I also spent a lot of time as it happens refining that Future of SEO Powerpoint. I have to re-record it, because we forgot to turn off the pointer on the screencast recording, but that’s fine because I used the time to improve the graphics and improve the script. I really want this one to be up to snuff with the spot-on accurate fortune-telling I did in 2009. Things are equally as clear to me now. I’m not as grave about the situation as Aaron Wall and WordStream. But I do see an attack on “free listings”—what we call natural or organic results. There’s nothing natural or organic about them. They’re algorithmically generated editorial content that’s paid-for by the ads. A balance will be struck, but one that cherry-picks the best attention-space for ads, and marginalizes the SEO world a bit. Perhaps not so much to kill off all the good guys, but certainly enough to disinvent the bad guys.
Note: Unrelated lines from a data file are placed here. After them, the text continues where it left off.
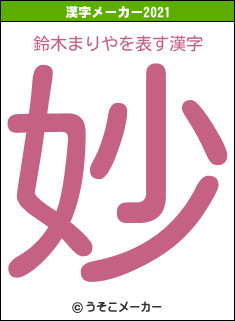 鈴木まりやの2021年の漢字メーカー結果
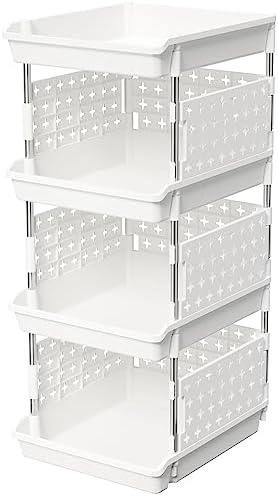 Lifewit Plastic Stackable Storage Baskets, 4 Tier Stacking Bins by Lifewit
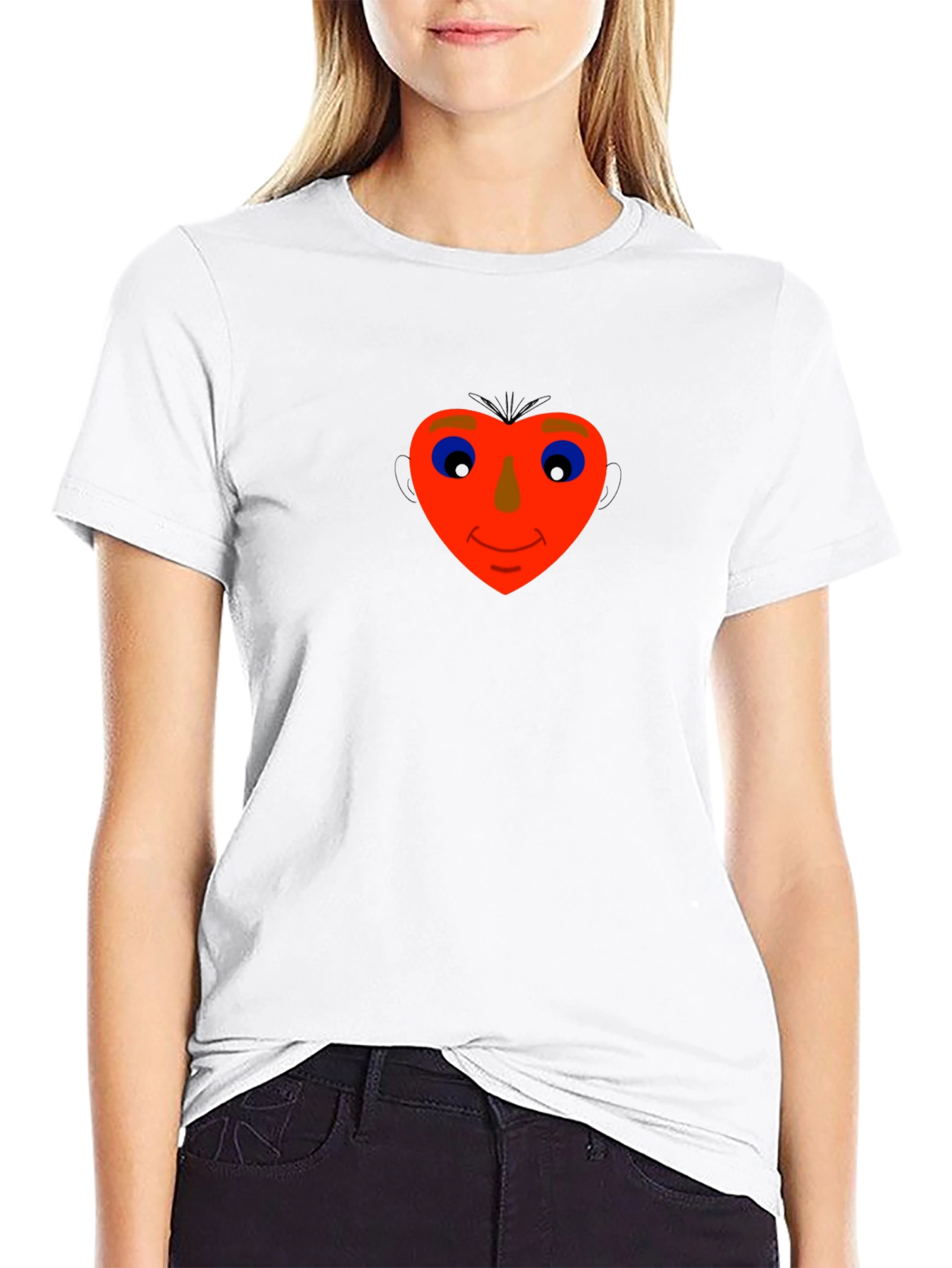 Heart Face Graphic Tee - Black Cotton Blend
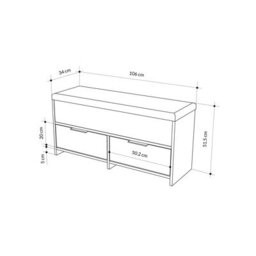 Decortie Modern Cove Shoe Storage With Fabric Bench 2-Tier Cabinet Hallway Entryway Storage Dark Oak Effect 106X34X50Cm - thumbnail 3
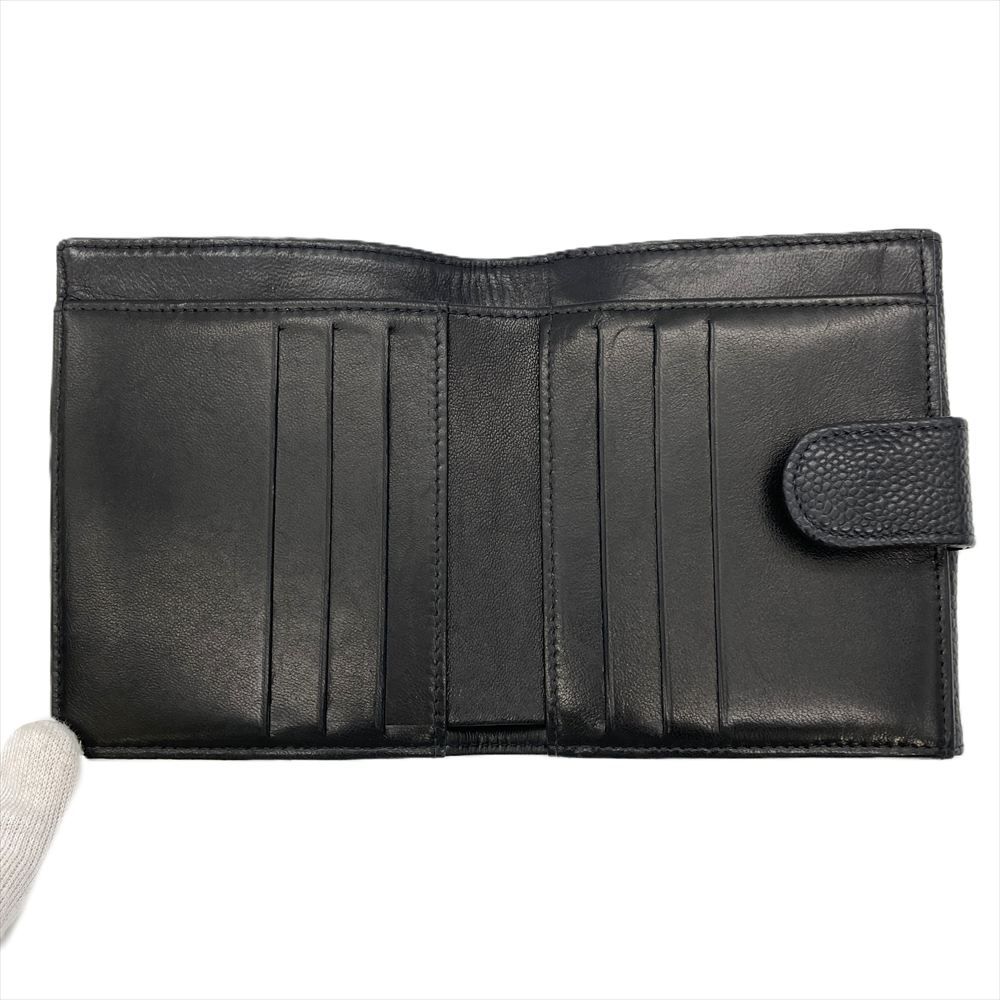 シャネル CHANEL ココマーク Wホック 二つ折り財布 キャビアスキン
With all these Panda and Penguin algorithm updates, coupled with all the Webmaster Tools warnings to webmasters about suspected bad links, I can’t help but feel there is an attempt to squeeze out a few more years of life from PageRank while social signals aquire enough critical mass to replace them. On that day, having the a href link manipulation skills will be about as useful as your old Active Server Page skills. Sure, a few fundamentals will carry over. Site hierarchy will still be important in order to avoid the target dilution problem. And you will still want to line-up the keyword crosshairs. But now, it’s all for different reasons. Now, it’s to make the best possible URL destination “canvas” upon which to work your social SEO magic.